Given material -
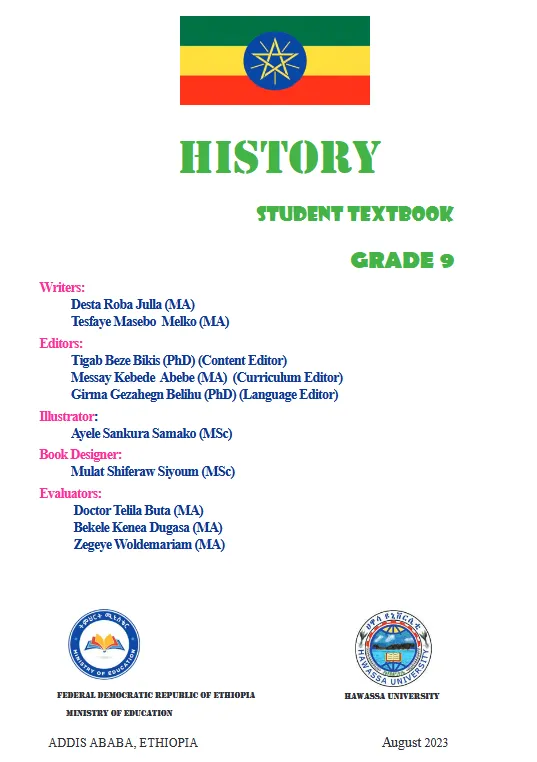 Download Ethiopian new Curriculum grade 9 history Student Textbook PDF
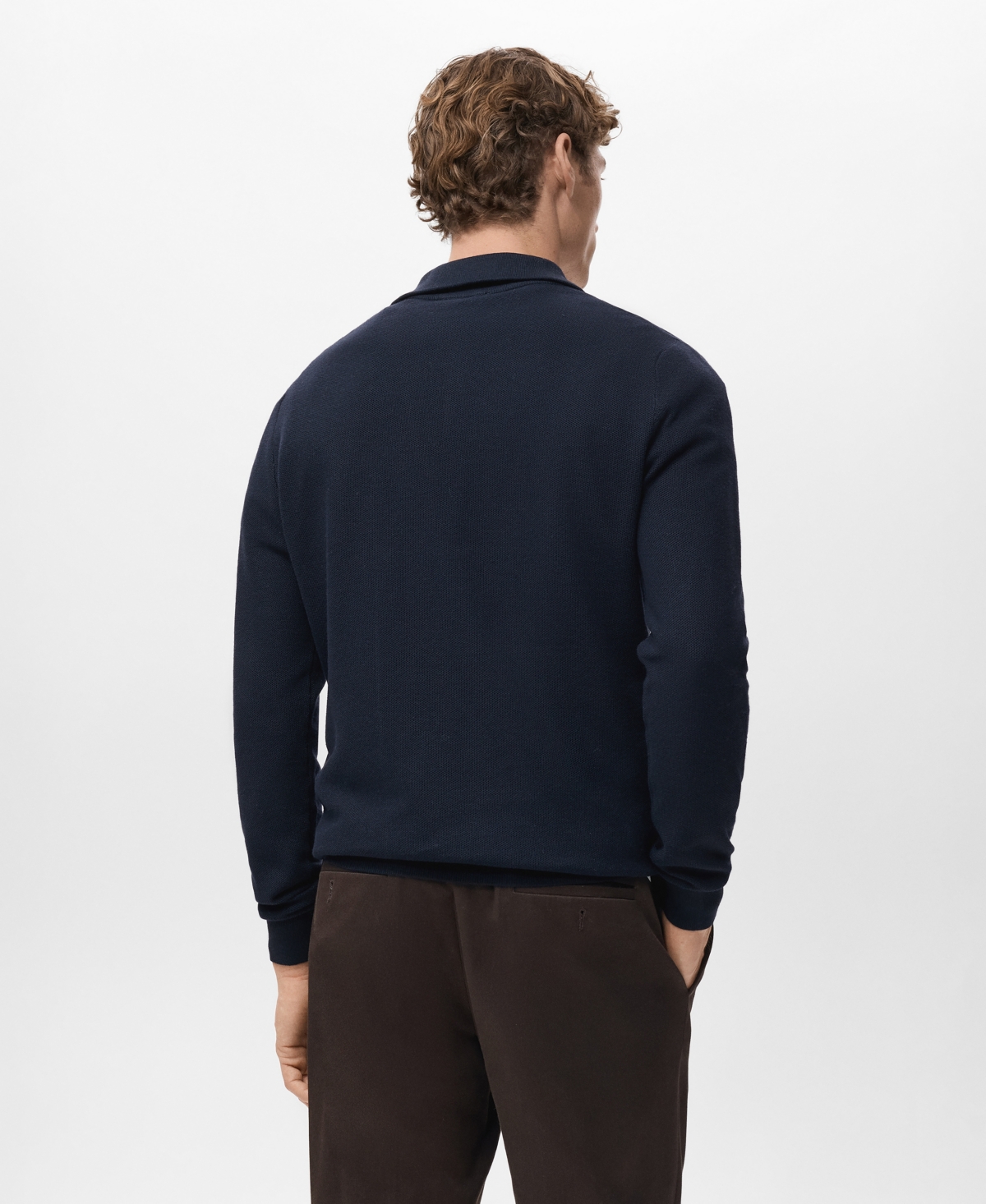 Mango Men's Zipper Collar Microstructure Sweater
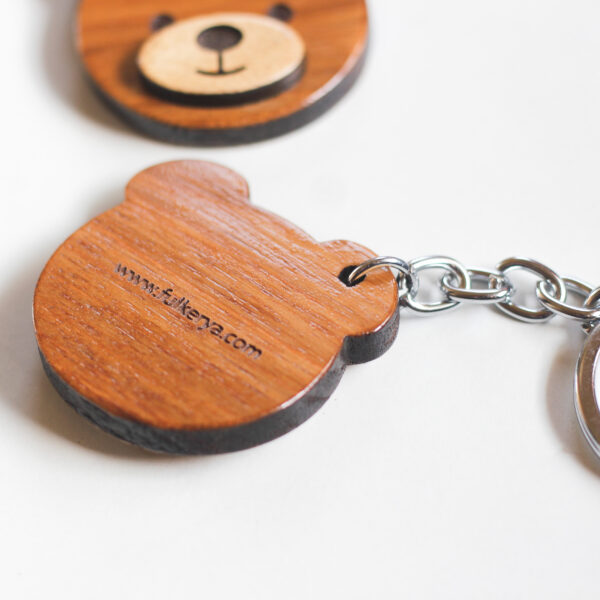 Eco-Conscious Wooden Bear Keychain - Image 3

Required work - Transcribe the listing in full and omit the pictures.

Solution to this exercise -
 Download Ethiopian new Curriculum grade 9 history Student Textbook PDF
 Mango Men's Zipper Collar Microstructure Sweater
 Eco-Conscious Wooden Bear Keychain - Image 3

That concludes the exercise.